Goals: making it to ‘We do’ without a murder charge. Photo by Dan Brannan.
The further along you get in the wedding process, the more you begin to understand that the day isn’t just about you and your partner – it’s also about the people who have played (and continue to play) a significant part in your life.
We don’t mean you suddenly start making decisions to please people (you know our golden rule – big day, your way). Rather, you start to realise and reflect on how important they are: they’re the people you lean on in tough times, who you celebrate life’s little and big wins with, who you call on for advice and for a yarn.
BUT (and it’s a big but) they’re also the people who can be a bit of a ball-ache in the lead up to the big day. You know, the people who have strong opinions about everything and don’t know when to bite their tongue. They mean well but their unsolicited advice can also be very taxing and often, very unhelpful.
So, it’s helpful to know how to plan a wedding without killing anyone. That is, how to manage family while wedding planning.
The good news: it is possible! Hallelujah. Try and remember that most of the time, any nit-picking, nay-saying, raised eyebrows and flat-out “well, IIIII think you should do it this way” comes from a place of love. Most people want you to have the best day, but they might think they know better than you when it comes to wedding planning.
That said, you want practical tips to stop poison *accidentally* landing in their drink right? OK, here are some tactics we stand behind.
Involve them in stuff they can genuinely help with
Give any pestering family members something to do and you’ll find that they’ll be more positively invested in your wedding and will feel like a valued part of it.
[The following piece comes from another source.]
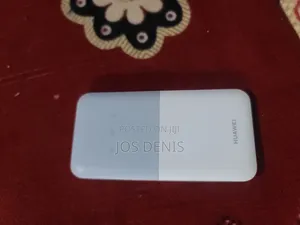 Huawei Mifi Original for Sale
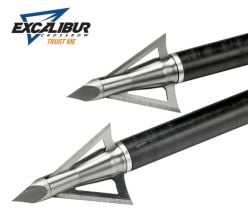 Excalibur-Boltcutter-Broadheads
The trick here is allocate tasks where you can genuinely use whatever research or help the person provides – not stuff that’s highly reliant on personal taste, like finding your wedding shoes (otherwise, if you don’t take on their feedback they’ll feed offended and like their time was wasted). Or, get their opinion on a shortlist of options so that you’re setting them up for success as you’ll be happy with whatever option they choose.
Change the subject to focus on them
Go into conversations ready with a slew of topics to talk about that are focused on them to detract from your wedding. First rule of people: people love talking about themselves and it has the added bonus of helping this person connect with you and feel like you’re on their side = less negative or provoking energy towards you regarding your wedding.
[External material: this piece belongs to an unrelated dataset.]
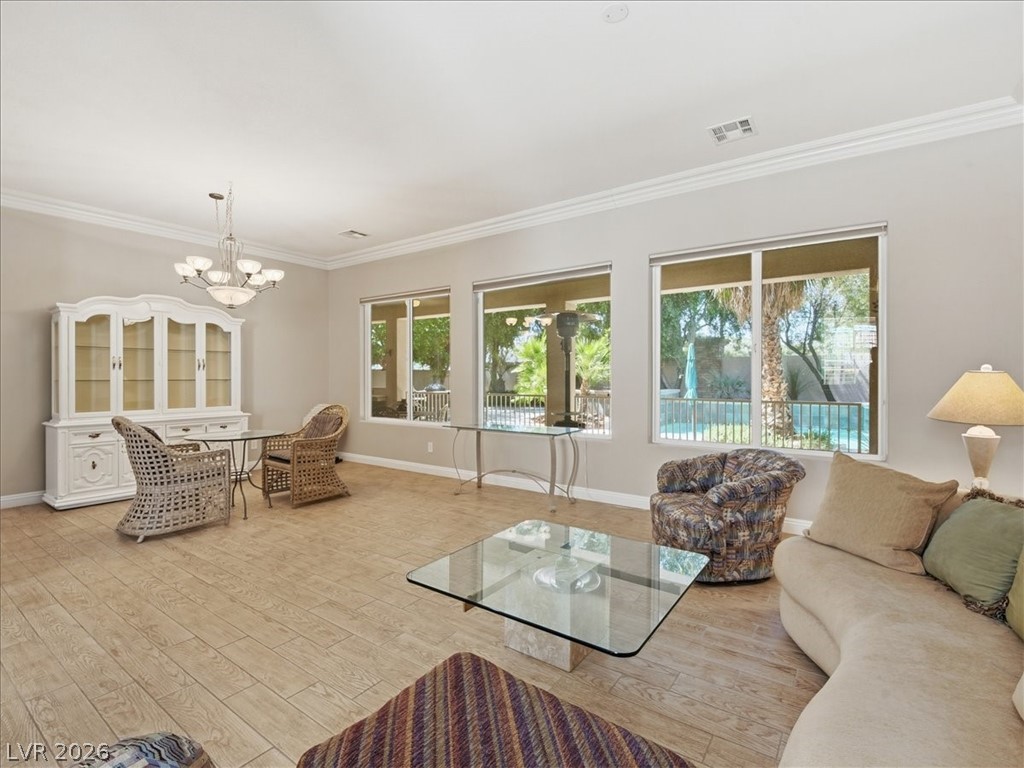 7301 Mount Kearsarge Street Las Vegas NV 89131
Keep your energy nonchalant and open-minded
Nod, appear interested and respond with a sweeping statement like “that’s interesting, we’ll keep that in mind, thanks for your thoughts”. Then either bank the idea if it actually was decent or turf it into the mental junkyard of never-to-be-thought-of-again. Keeping level energy is key, because some people are like a moth to a flame at the first sign of aggravation.
Ever-so-gently shut them down
It helps we’re mums of small children because a lot of the techniques for dealing with the shiz that a three year old throws at you is uncannily applicable for a wedding scenario.
You don’t want to say a flat “No. Nope. Never. No happening. That’s a dumb idea”. Instead, frame things like you’re really hearing them. “Hmm, that’s interesting and I can see how [their suggestion] would suit many couple’s wedding. For us, we’re thinking that for [X reasons], we’re going to do [alternative thing] instead because of [X reason]. But we’re loving hearing all the ways weddings play out – isn’t it an amazing time to get married!? There’s so much diversity in weddings now!” *Quickly excuse yourself for the bathroom, take a deep breath and pat yourself on the back. You did good back there*.